To evaluate the relationship between competition among fertility clinics and assisted reproductive technology (ART) treatment outcomes, particularly multiple births.

DESIGN:

Using clinic-level data from 1995 to 2001, we examined the relationship between competition and clinic-level ART outcomes and practice patterns.

SETTING:

National database registry.

PATIENT(S):

Clinics performing ART.

INTERVENTION(S):

The number of clinics within a 20-mile (32.19-km) radius of a given clinic.

MAIN OUTCOME MEASURE(S):

Clinic-level births, singleton births, and multiple births per ART cycle; multiple births per ART birth; average number of embryos transferred per cycle; and the proportion of cycles for women under age 35 years.

RESULT(S):

The number of competing clinics is not strongly associated with ART birth and multiple birth rates. Relative to clinics with no competitors, the rate of multiple births per cycle is lower (-0.03 percentage points) only for clinics with more than 15 competitors. Embryo transfer practices are not statistically significantly associated with the number of competitors.

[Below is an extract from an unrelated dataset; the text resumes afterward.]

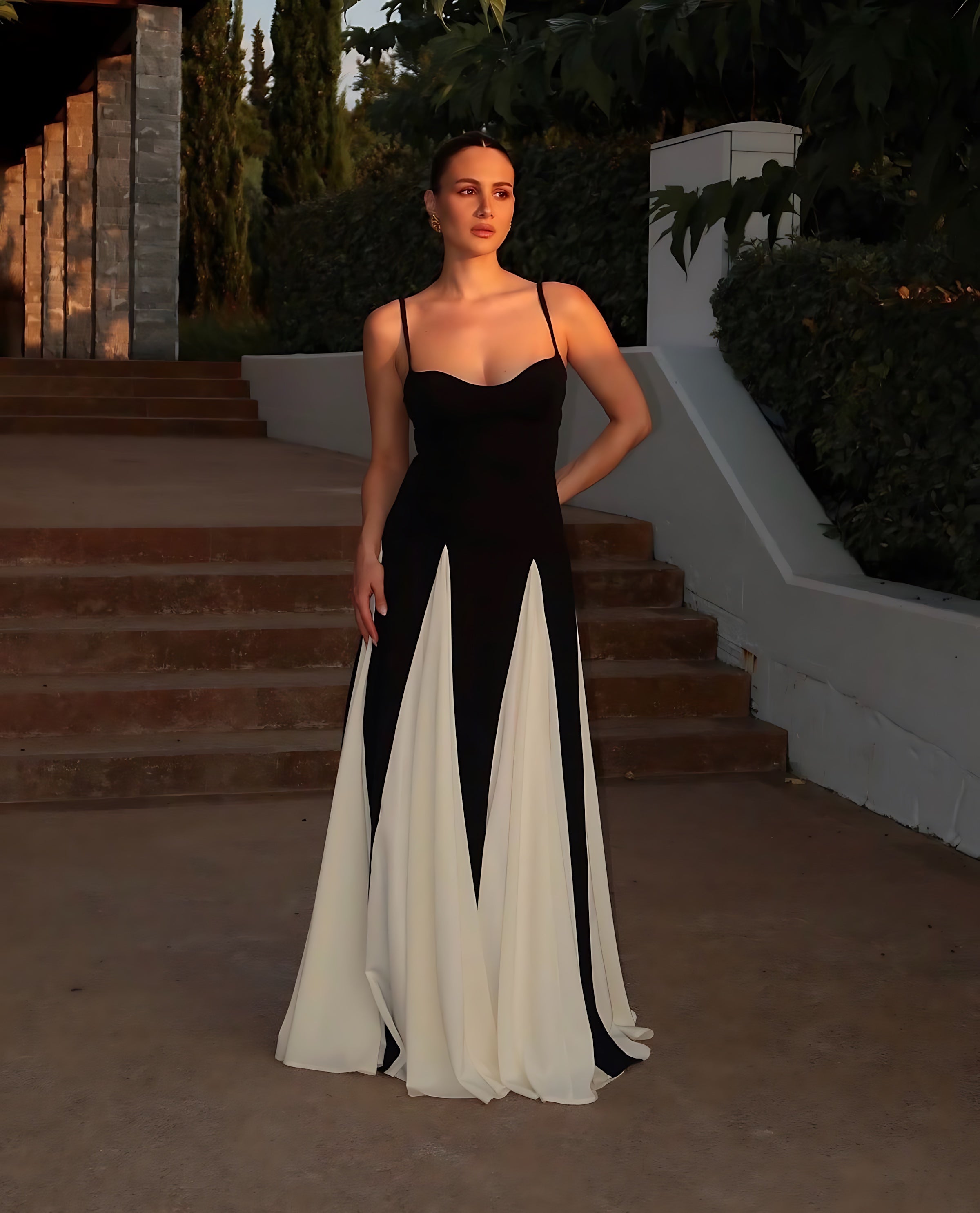 Naomi – Colorblock Sweetheart Evening Maxi Dress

Clinic-level competition is strongly associated with patient mix. The proportion of cycles for patients under 35 years old is 6.4 percentage points lower for clinics with more than 15 competitors than for those with no competitors.

CONCLUSION(S):

Competition among fertility clinics does not appear to increase rates of multiple births from ART by promoting more aggressive embryo transfer decisions.